In the battle to win hearts and minds in the war-torn Syrian city of Aleppo, al-Qa’ida has found a new weapon: ice-cream.

An event organised by al-Qa’ida’s branch in Iraq and Syria produced the bizarre sight of an ice cream eating competition between two young boys, while the militant group’s black flags hung in the background.

The event was part of a family fun day of sorts put on by the Islamic State of Iraq and the Levant (ISIS) during Ramadan, videos of which were posted online over the weekend.

The day’s activities included a tug-of-war between ISIS and members of Jabhat al-Nusra, another Islamist rebel group based in Syria, and a Quran reciting competition for girls.

Aleppo has seen some of the heaviest fighting in Syria’s civil war since rebels mounted a large-scale offensive on the city more than a year ago.
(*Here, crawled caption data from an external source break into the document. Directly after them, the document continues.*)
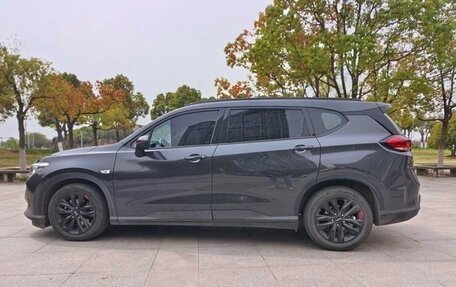 Chevrolet Orlando, 2021 год, 1 199 500 рублей, 4 фотография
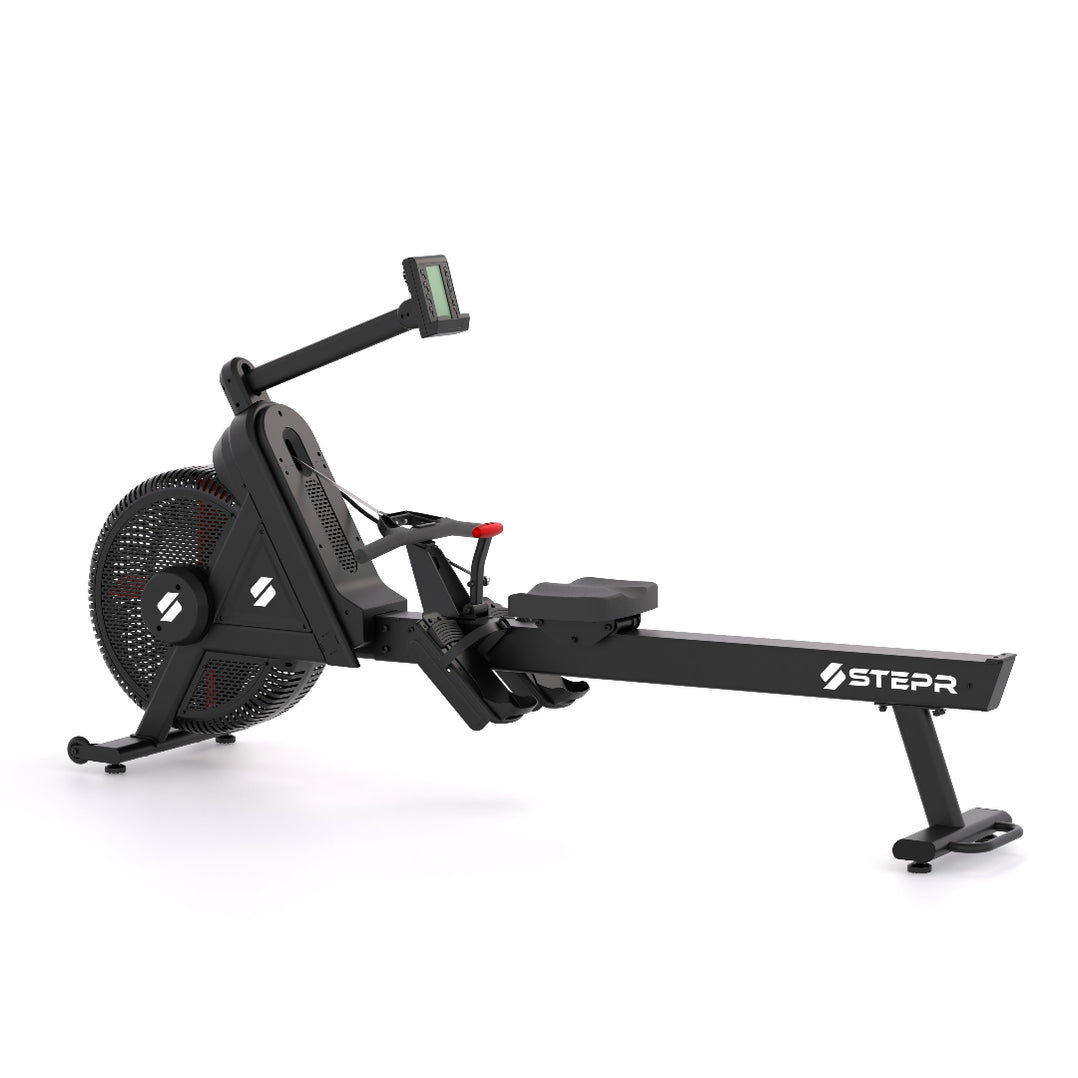 STEPR VPR Rower XL - Row Erg 2.0 — Select Fitness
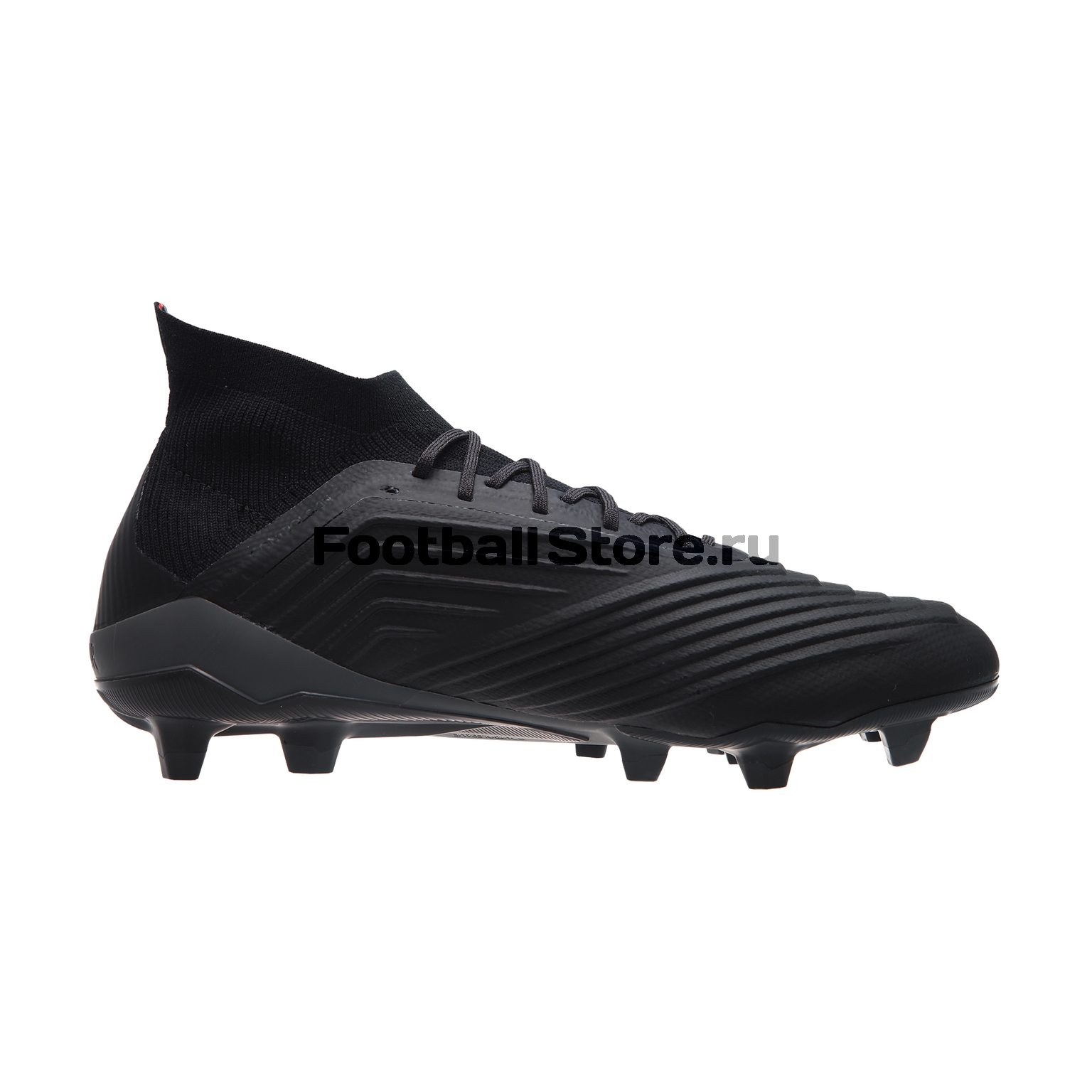 Бутсы Adidas Predator 18.1 FG CM7413 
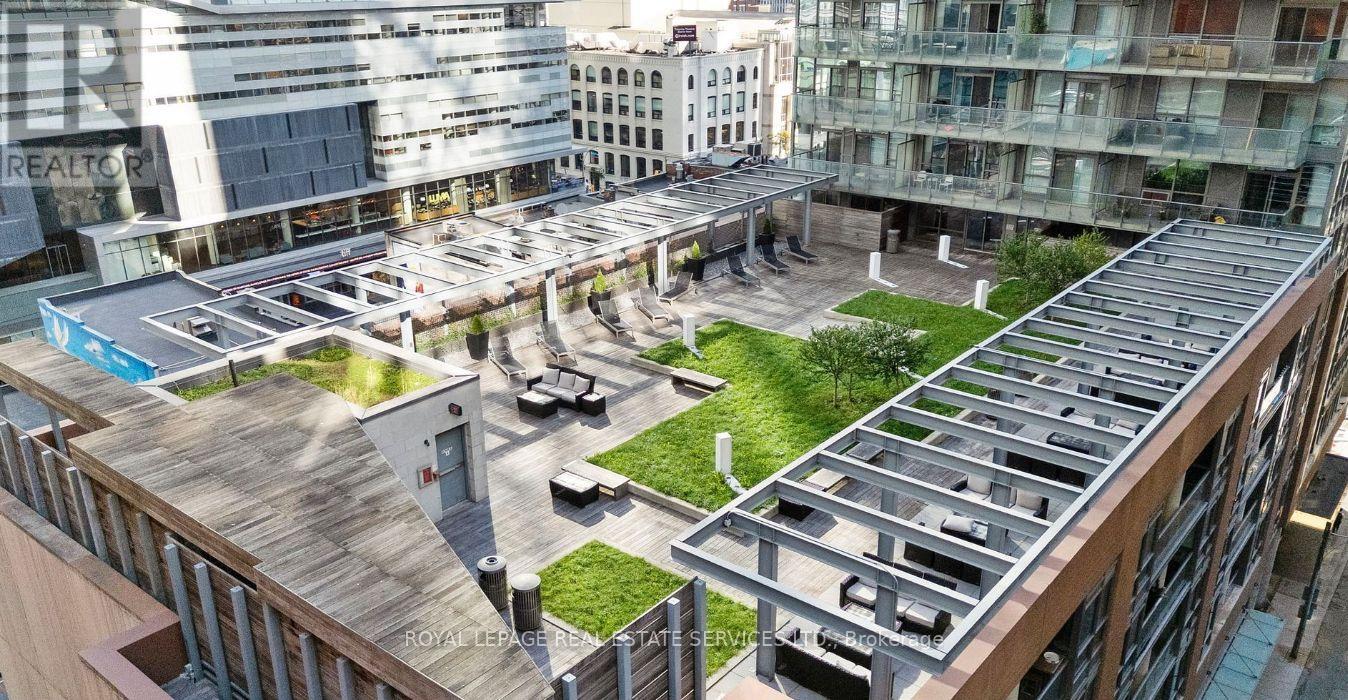403 - 8 Mercer Street, Toronto, Ontario  M5V 0C4 - Photo 32 - C12572406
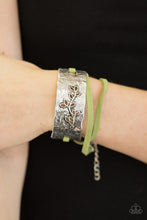 Load image into Gallery viewer, Branching Out - Green
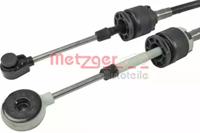 Metzger 3150130 Трос кпп Metzger 3150130 Трос кпп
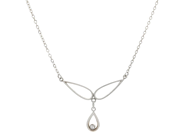 Smycken, COLLIER, sterlingsilver, i auktion: Allmänna – Tisdag 28 juli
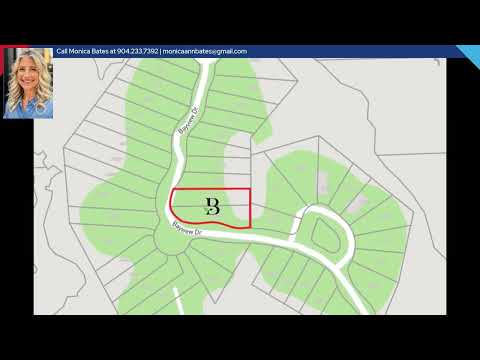 96582 Bay View Drive, Fernandina Beach, FL home video tour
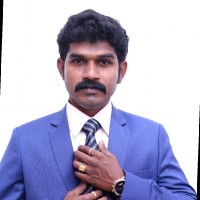 THANGAVEL E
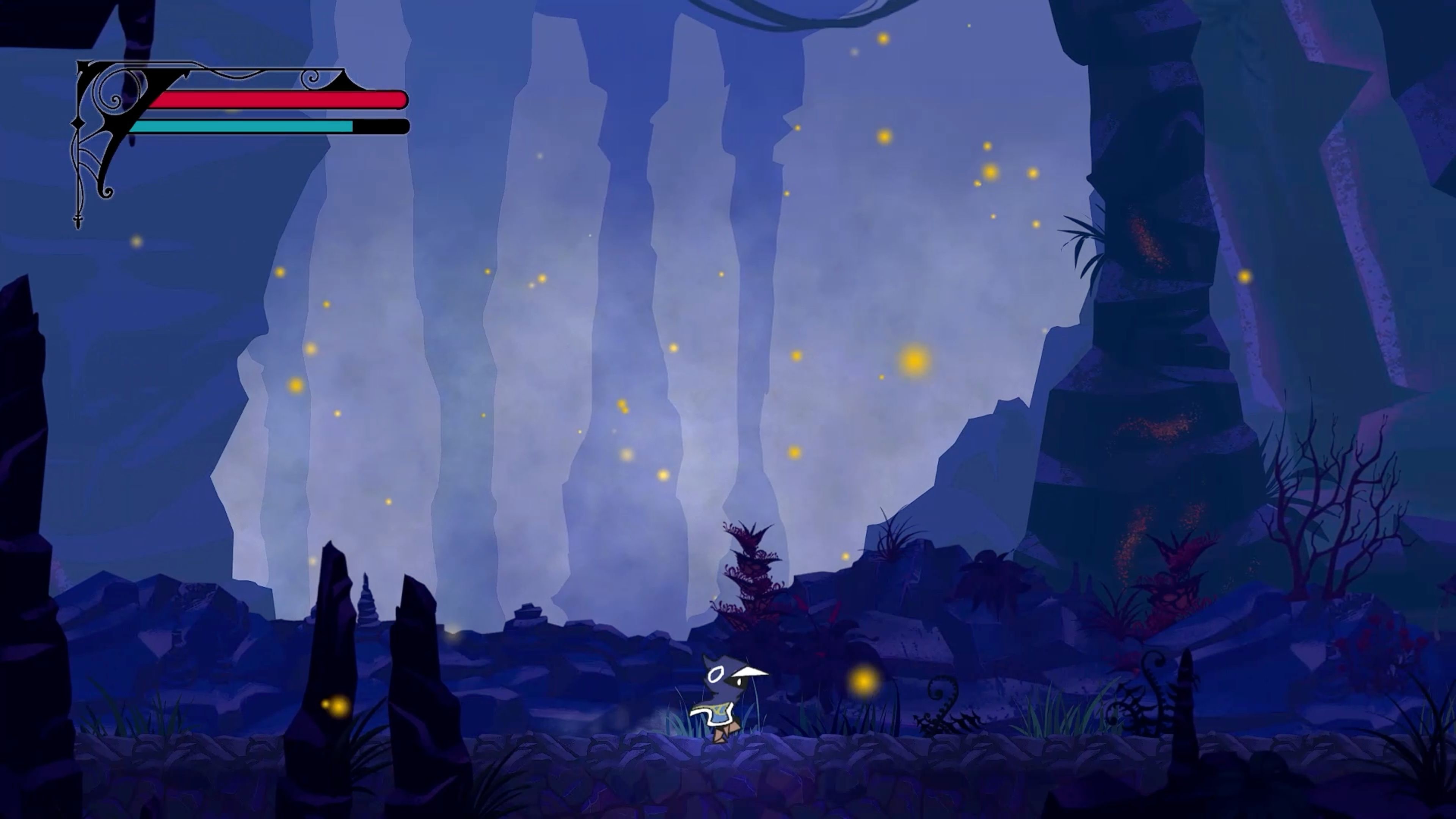 #2. Souno's Curse (PlayStation) Ved: Pixel Heart SAS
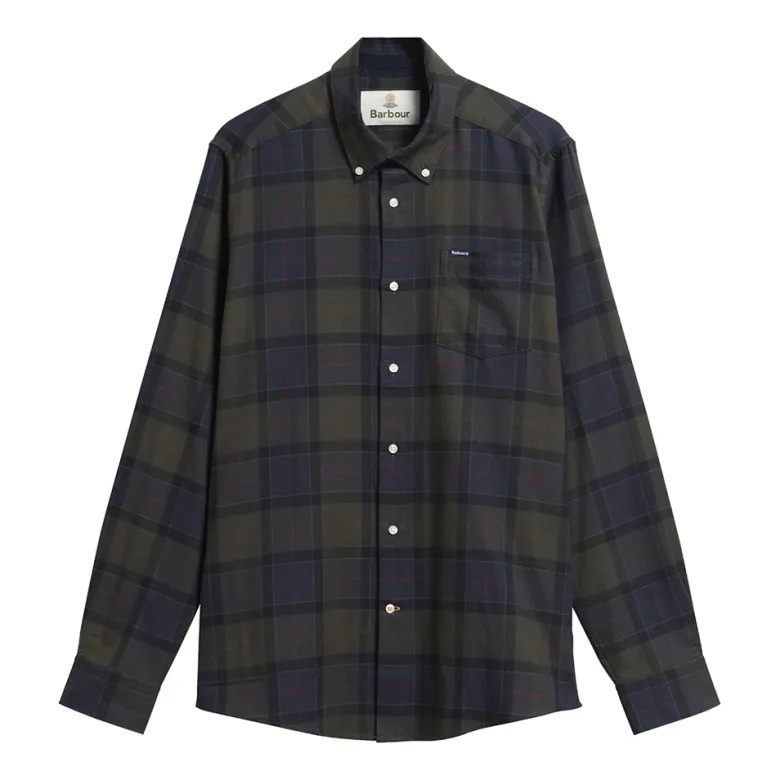 Fortrose tf | Shadow Classic Tartan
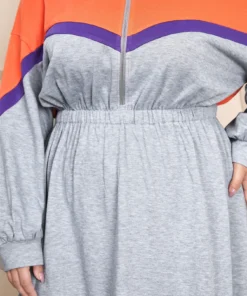 دريس SHEIN - الصورة 4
The city is now divided into rebel-held areas and areas that the government still controls.

Reports have emerged in recent weeks of food shortages in rebel-held parts of Aleppo. A lack of supplies caused by the ongoing fighting has been exacerbated by a rebel siege of a supply route into the city used by government forces. That siege has prompted protests by residents already beleaguered by the fighting.

The weekend event –unprecedented for the group, which has throughout its history operated under the radar – may be an attempt to win hearts and minds in northern Syria, where it has been expanding its operations in recent weeks.

“Holding a Ramadan party in Aleppo fits well within the increasing awareness within jihadist groups in Syria of the need to acquire and maintain popular civilian support,” says Charles Lister, an analyst at IHS Jane’s Terrorism and Insurgency Centre.

“Events such as the one on Sunday provide the ISIS with the politically-valuable and localised opportunity to show their other side. The clear hanging of the ISIS flag and the availability of ISIS pamphlets and other propaganda-type products means the group was keen to show the soft-power side of jihad combined with attempts to sell their objectives and thus legitimise their localised presence.”

In other areas of rebel control, Islamist groups have been quick to realise the importance of providing basic essentials such as bread to the civilian population. This support is all the more essential as the groups complete for influence in the rebel-held north.

“Events such as these, though often small in scale, show a willingness to spend finances outside of fighting, thereby overtly suggesting an intent to remain in the area long-term,” Mr Lister adds. “As a force composed largely of foreign fighters, this aspect to their activities is vital.”